The total number of atoms for the $ccp$ lattice is four and the total number of tetrahedral voids can be given as twice the total number of atoms. The formula of the compound can be given by finding the ratio of the number of atoms in both the elements of the compound.
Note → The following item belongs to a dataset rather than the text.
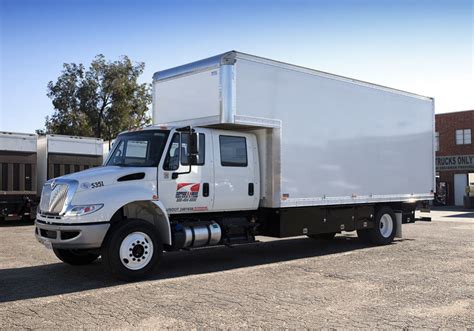 box truck crew cab  suppose  drive truck rental leasing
Complete step by step answer:
In this question, cubic close packing ($ccp$) lattice is that lattice in which the specific pattern of layers can be written as $ABCABC$ (If we consider the first layer as ‘$A$’, second layer as ‘$B$’ and third layer as ‘$C$’ ). This type of crystal pattern is also called face-centered cubic ($fcc$) In it, atoms are present at all the corners of the cube and at all the faces of the cube. Therefore, the total number of atoms in cubic closed packing ($ccp$) or face-centered cubic ($fcc$) can be given as:

Total atoms in $ccp = 8{\text{ corners}} \times \left( {\dfrac{1}{8}{\text{ per corner atom}}} \right) + 6{\text{ faces}} \times \left( {\dfrac{1}{2}{\text{ per face - centered atom}}} \right)$
$= 1 + 3 = 4$
Also, tetrahedral voids are the space left over by joining the centre of the sphere of the second layer which lie above the triangular voids of the first layer. The number of tetrahedral voids can be given as twice the total number of atoms.
Tetrahedral voids$= 2 \times$ total number of atoms
In the question, as $Y$ element forms $ccp$ lattice, therefore
Number of atoms of $Y$ element$=$total number of atoms in $ccp = 4$
Also, Number of tetrahedral voids $= 2 \times {\text{ Total number of atoms = 2}} \times {\text{4 = 8}}$
As given in question, that element $X$ occupies $\dfrac{2}{3}rd$ of tetrahedral voids thus
Number of atoms of $X$ element $= \dfrac{2}{3} \times {\text{tetrahedral voids}}$
${\text{ = }}\dfrac{2}{3} \times 8 \\\ = \dfrac{{16}}{3} \\\$
Now, The ratio of atoms of $X$ to the atoms of $Y$ $= \dfrac{{16}}{3}:4$
$= 4:3$
Therefore, the formula of compound can be given as : ${X_4}{Y_3}$

So, the correct answer is Option A .

Note:
Remember that cubic close packing ($ccp$) is an alternative name given to the face centered cubic ($fcc$) structure. The total number of atoms is the same in both. The layers of plane sheets of atoms are arranged in a slightly different manner in them. When we place the atoms in octahedral voids then packing is of $ABCABC$type hence it is called as $ccp$ and $fcc$ stands for the unit cell.